02 December 2009
A Randall Knife
Not everyman owns a Randall.
The Randall has a mysterious aura. It figures large in the Special Forces community. Stories surrounding the knife are not stories but legends. Mine sits quietly in the top drawer of my nightstand nestled among many pair of tube socks.
My father gave me this knife when I joined the Army and contracted for his old unit, 7th Special Forces Group. The recognition of some words move me. Randall, 7th Special Forces Group, Ft. Bragg, Green Beret, USAIMA and Rolex...I respond to these words.
The knife was presented to my father after serving as an advisor to a National Guard unit. The assignment was a 'cooling off' period and a deserved rest after his tour in Vietnam with 5th SF Group in the Central Highlands. I remember him sharpening it on an oiled whetstone. The scraping was in time to the iambic pentameter of Green Acres; his favorite television show.

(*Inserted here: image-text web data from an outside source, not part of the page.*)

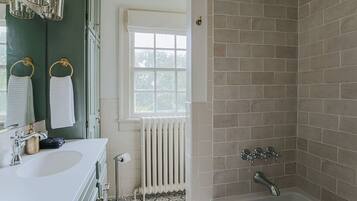 Un baño con un lavamanos blanco, un espejo, un perchero con toallas blancas, una ventana, un radiador y una zona de ducha con azulejos color beige.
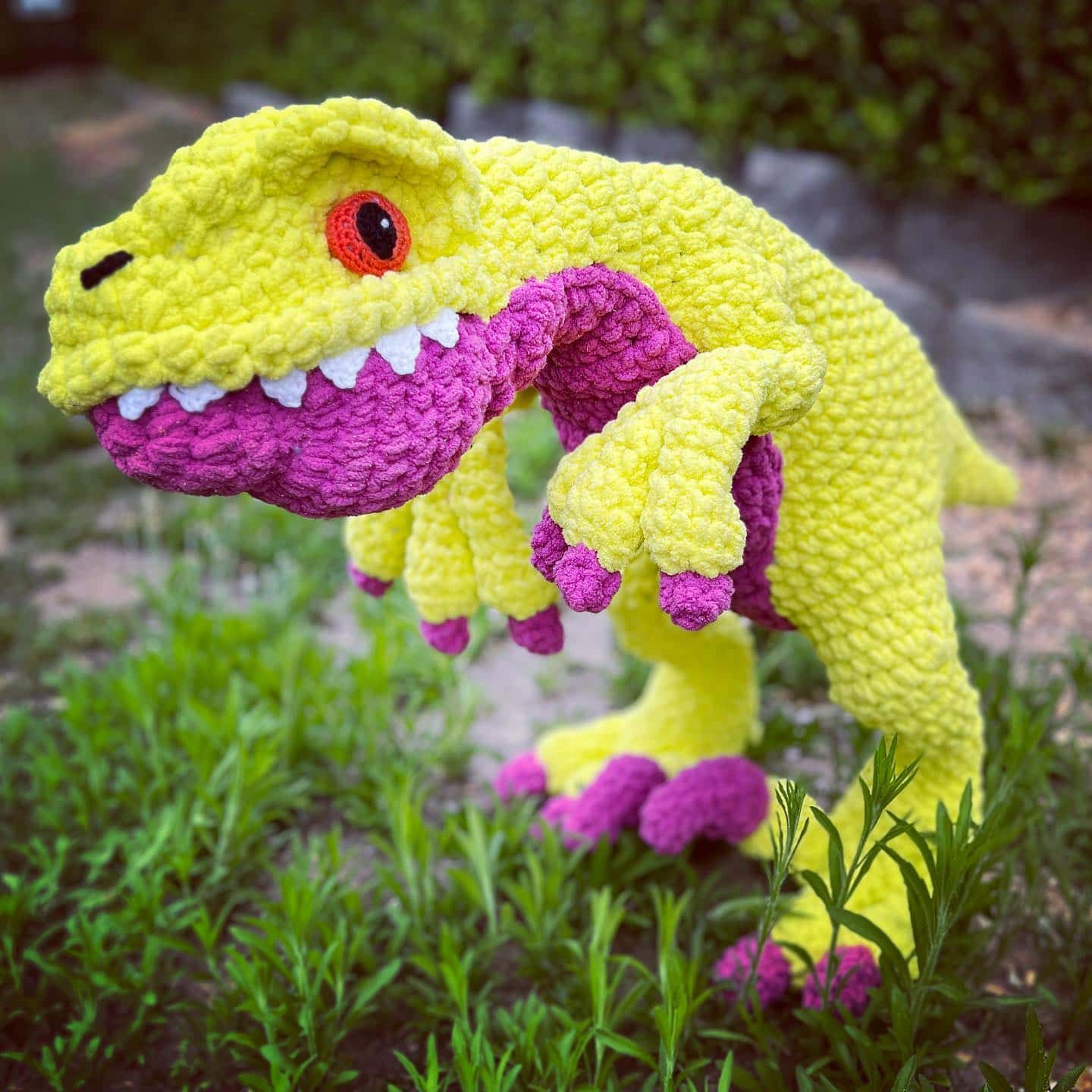 Rori the Raptor, a crocheted dinosaur plush in bright yellow and purple, stands on grass. With an orange eye and playful expression, its mouth is slightly open to reveal white teeth. The background features greenery and stone paving, creating a charming setting for this delightful crochet pattern design. -Marly Bird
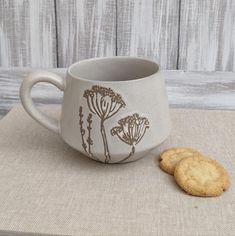 two cookies sitting on top of a table next to a coffee cup with flowers painted on it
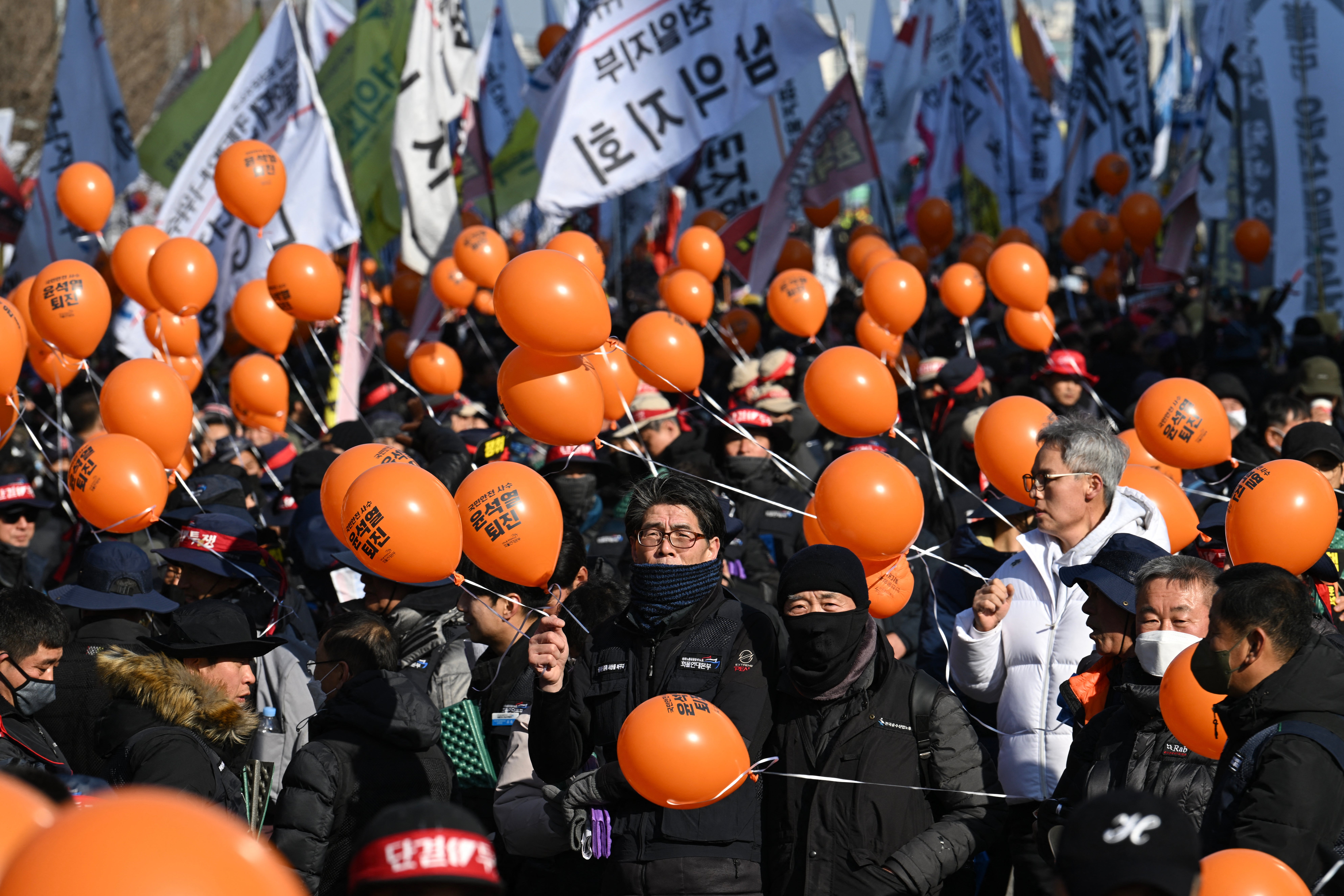 People holding balloons reading ‘Step down Yoon Suk Yeol’ as they take part in a protest calling for his ouster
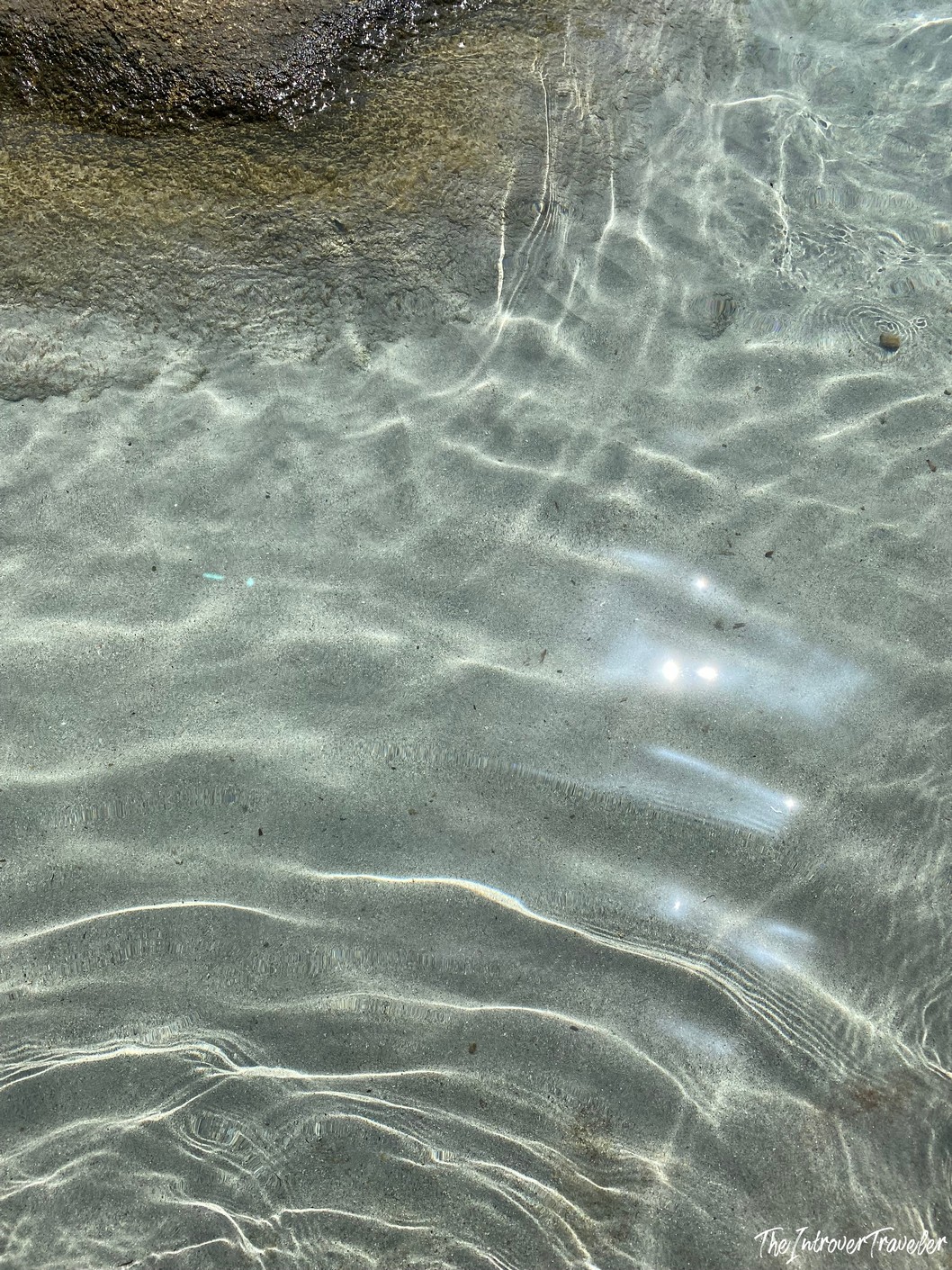 Crystal-clear shallow water over rippled sandy seafloor at a south Sardinia beach, with sunlight glinting off the surface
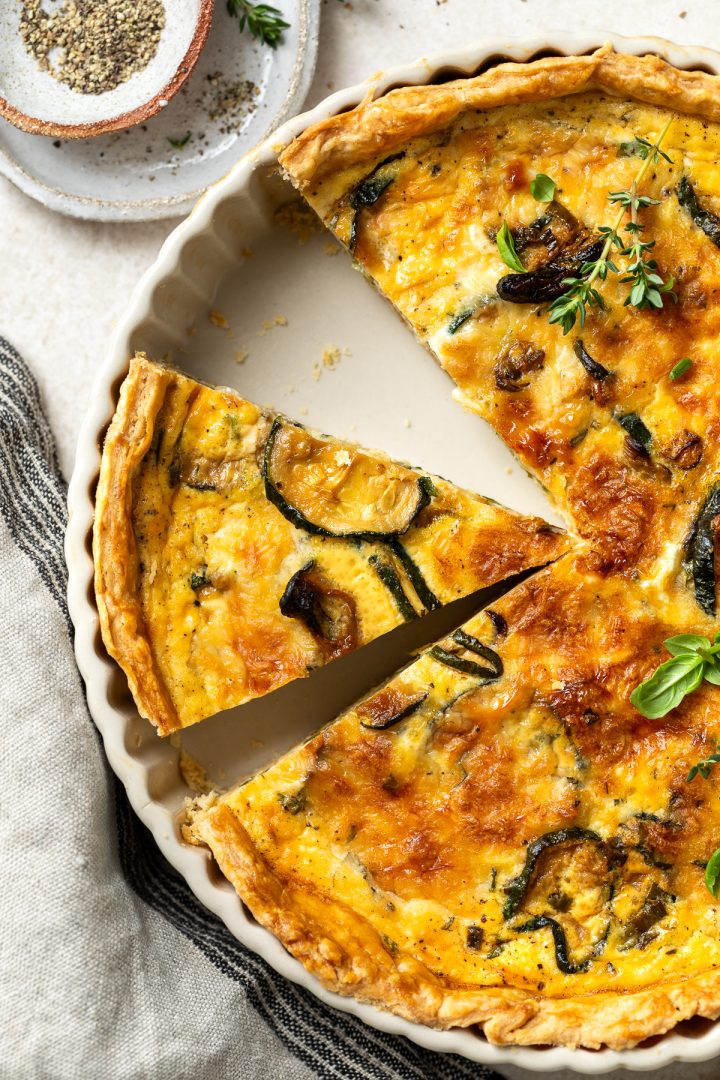Close up of the cooked courgette quiche in the dish.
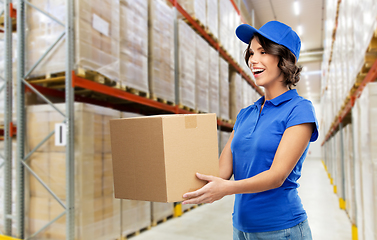 Image showing happy delivery girl with parcel box at warehouse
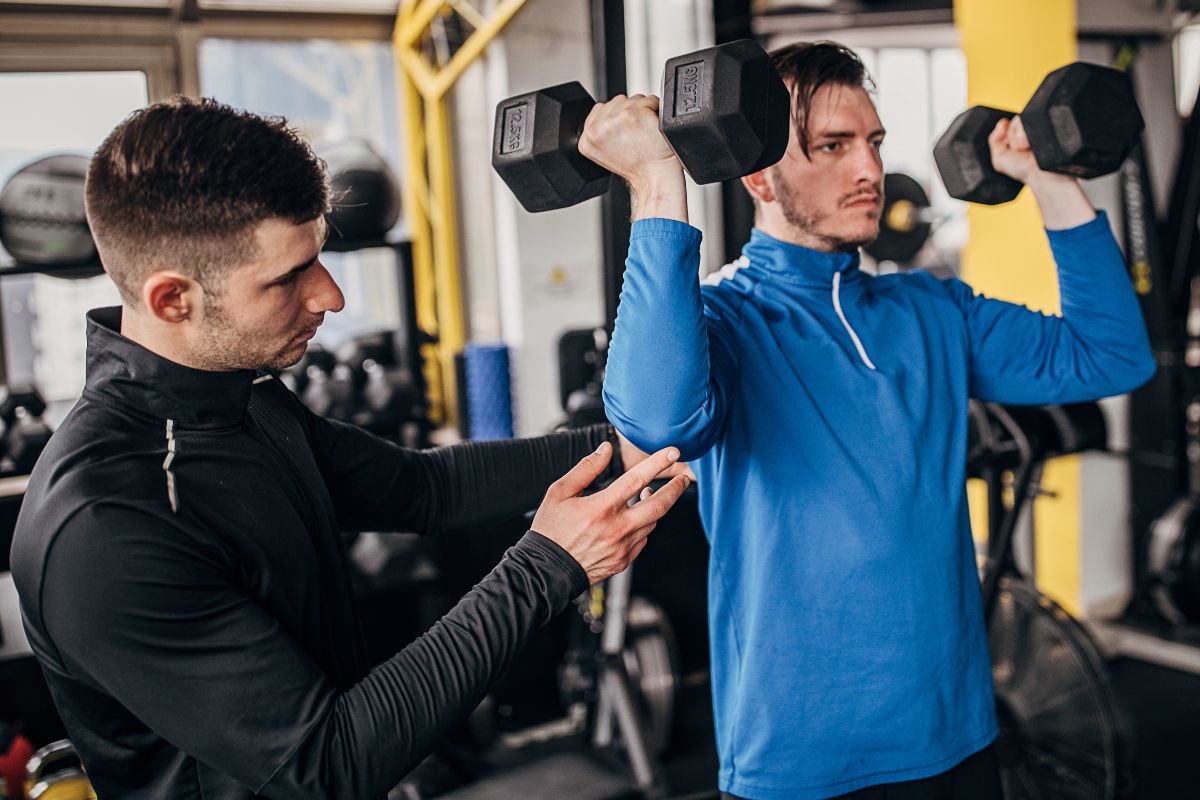 A personal trainer with his weightlifting student.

Less than eight years later he gifted me the Randall after I joined. The knife received a custom handle made from green suspension (parachute) cord with blue filament accents. I was shown how to do this by one of the craftier paratroopers in my unit. Just like taping a tennis racket handle although I doubt that guy played much tennis.
A grizzled Sergeant Major asked to see the Randall during an FTX. I handed the seven and half inch attack / survival knife over. He squinted at the inscription to my father on the blade and asked, "You're father a short guy with a crew cut and a chest like an oil barrel?" The Sergeant Major turned out to be my father's A Team Medic in Vietnam and when I returned to Bragg he dug up a few of my father's team members and made sure they met me.
I got out of the Army and took the Randall to a college dorm room for four years. One night I woke up to hacking at my window screen with what looked to be an exacto knife. I quietly took the Randall out of a drawer, slipped the knife out of the sheath and held it to the screen. The hacking stopped and I heard footsteps running. I never did figure that one out. I guessed it was a pissed off graphic design major but who knows.
Eventually the suspension cord handle unwound and the handle cap disappeared but it's followed me all these years and never do I look at it without some wonder and always that question, "Why is it mine." I've had it for 33 years and I still wonder when he's going to ask for it back.